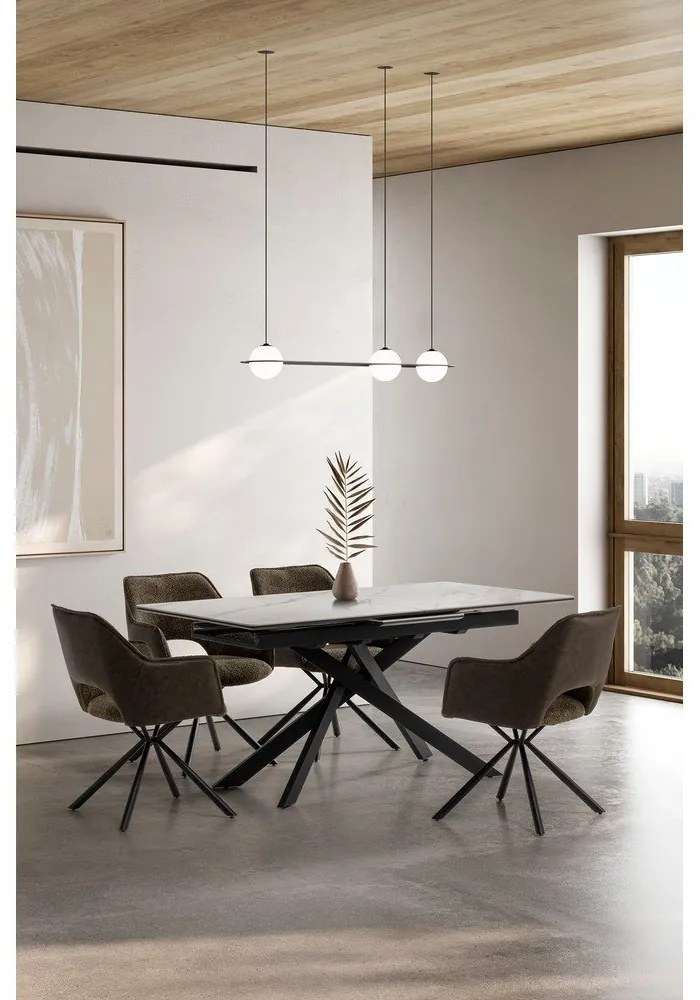 Set de scaune de sufragerie verde cu cotiere 2 buc. tapițat Mariel – Marckeric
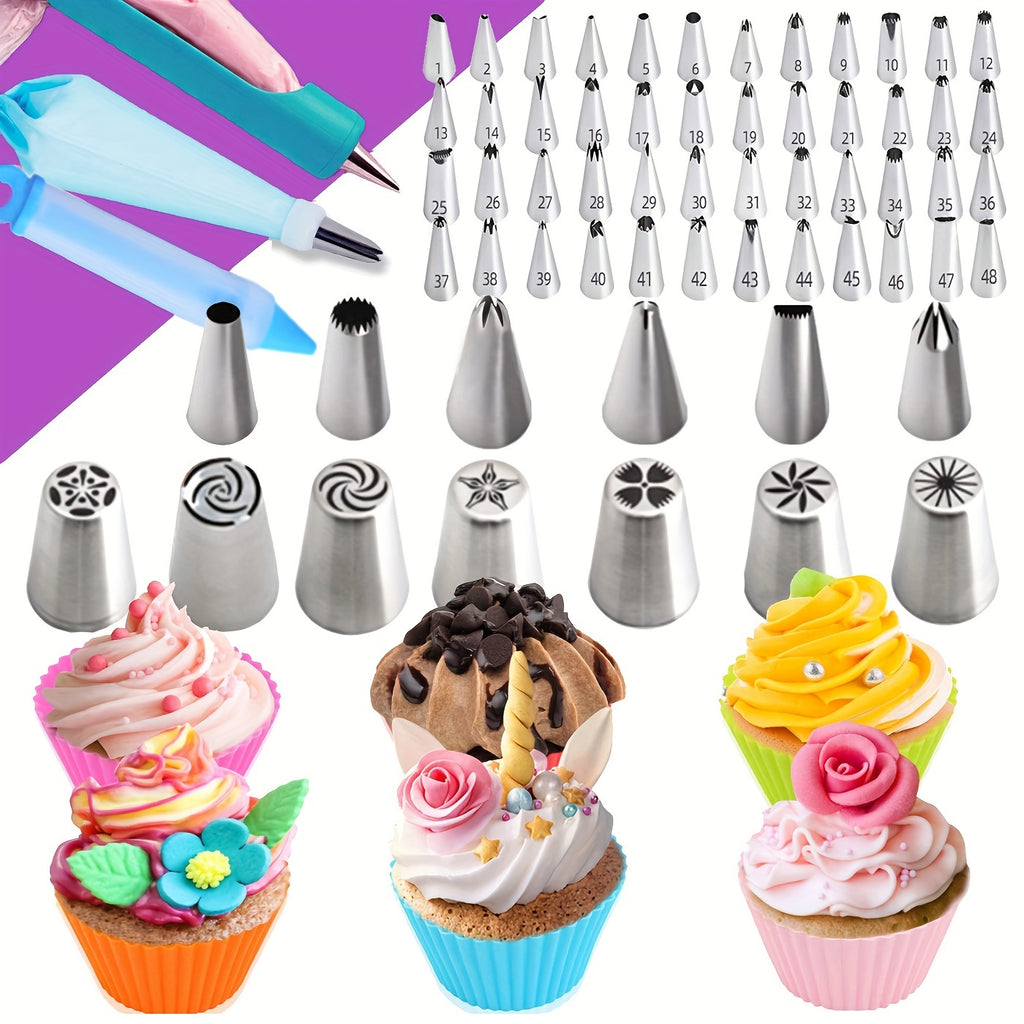 492 Piece Cake Decorating Set with Rotating Turntable Piping Tips & Reusable Piping Bags - Complete Professional Baking Kit for Home Bakers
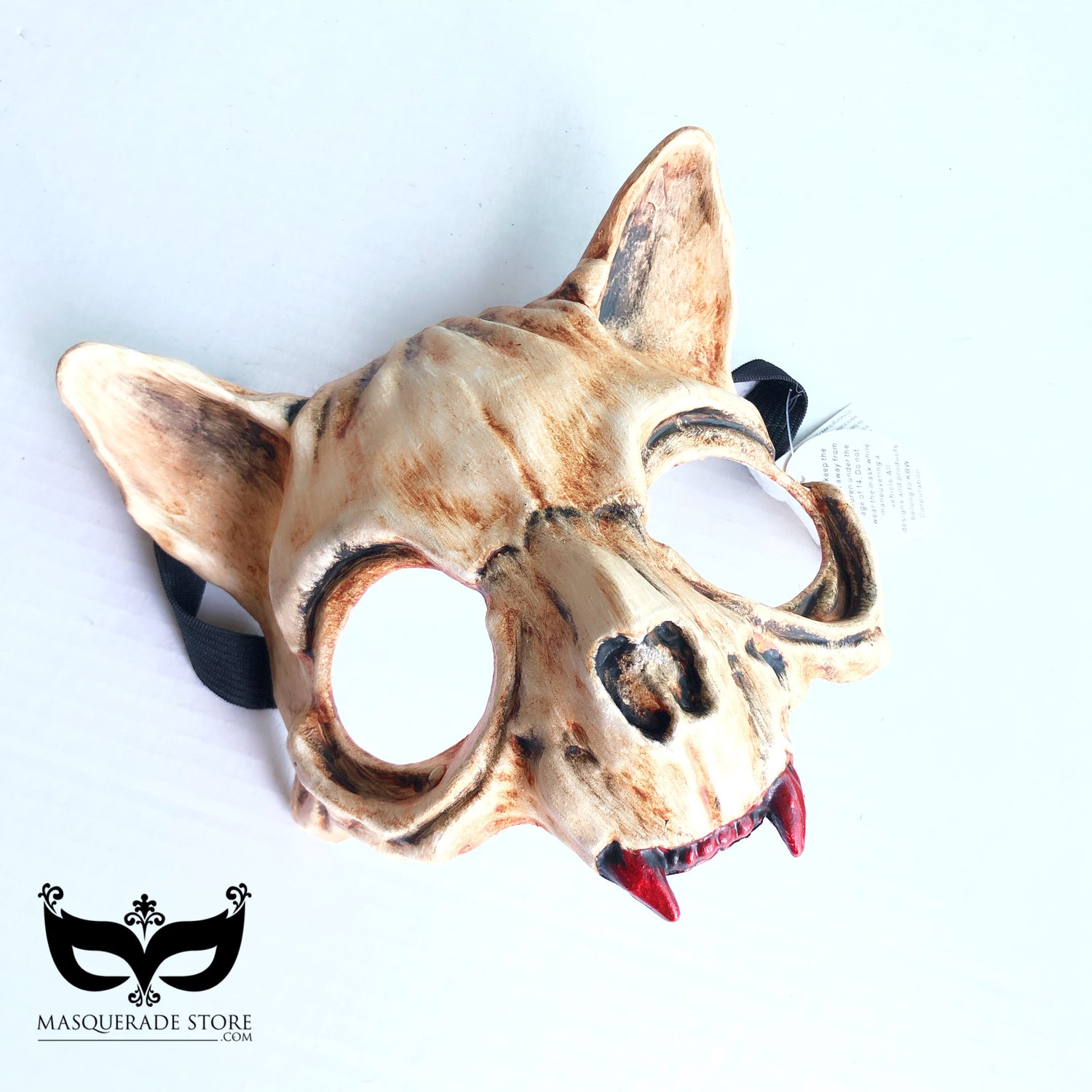 Vampire Cat Mask - Natural Bone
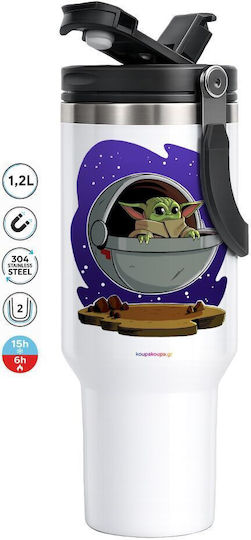 Baby Yoda Mandalorian Mega Travel Mug Double Wall Thermos 1.2L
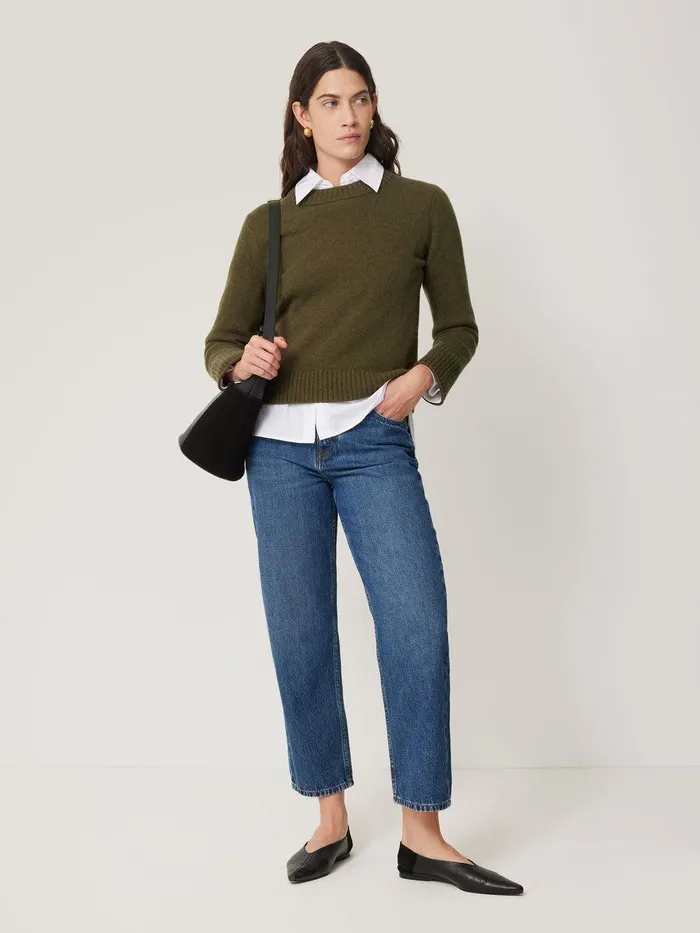 Women Compact Wool Cashmere Blend Jumper Khaki Jigsaw Knitwear and Cashmere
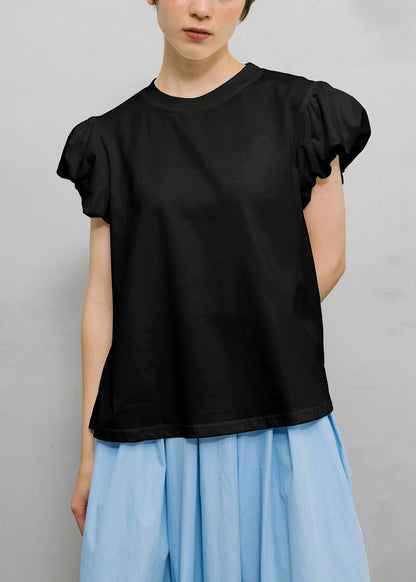 Black Cozy Cotton T Shirts O Neck Short Sleeve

* * * * * * *

■ Exercise goal ■
Please restate exactly the lines from the one containing "Vampire Cat Mask - Natural Bone" down to the end of the material, both ends kept, and do not include the pictures.

■ Exercise response ■
 Vampire Cat Mask - Natural Bone
 Baby Yoda Mandalorian Mega Travel Mug Double Wall Thermos 1.2L
 Women Compact Wool Cashmere Blend Jumper Khaki Jigsaw Knitwear and Cashmere
 Black Cozy Cotton T Shirts O Neck Short Sleeve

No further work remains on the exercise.